| Data block |
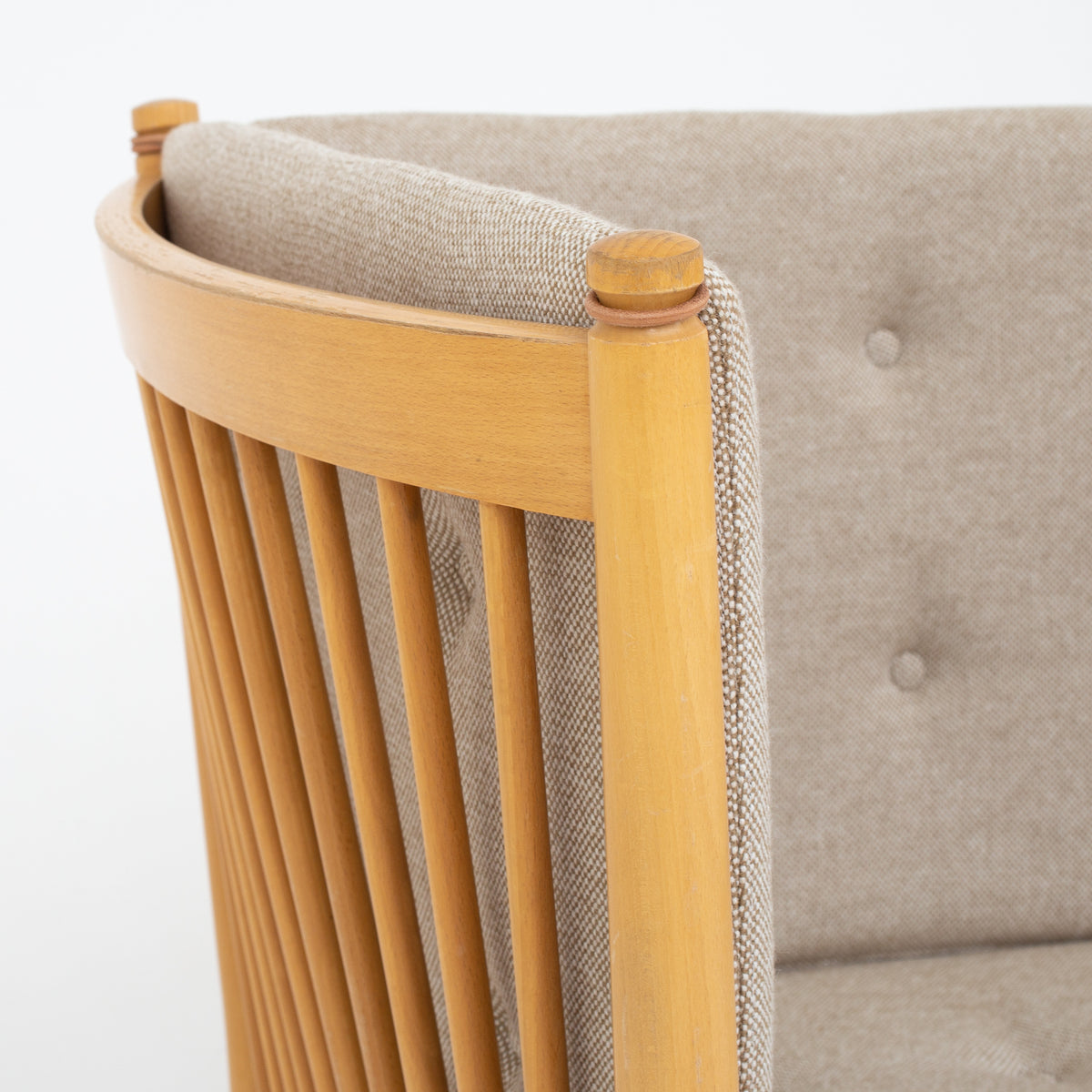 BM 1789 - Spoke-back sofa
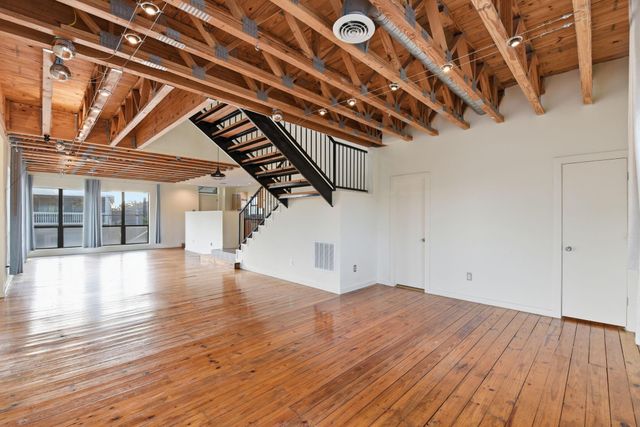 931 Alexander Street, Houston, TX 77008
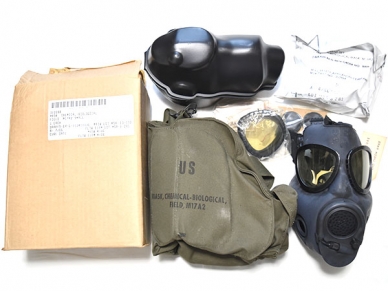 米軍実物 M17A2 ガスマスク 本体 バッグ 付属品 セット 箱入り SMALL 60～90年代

| What the exercise asks |
Return the lines from the one that contains "931 Alexander Street, Houston, TX 77008" through the final line of the listing above, inclusive. Transcribe them exactly and drop the pictures.

| Finished task |
 931 Alexander Street, Houston, TX 77008
 米軍実物 M17A2 ガスマスク 本体 バッグ 付属品 セット 箱入り SMALL 60～90年代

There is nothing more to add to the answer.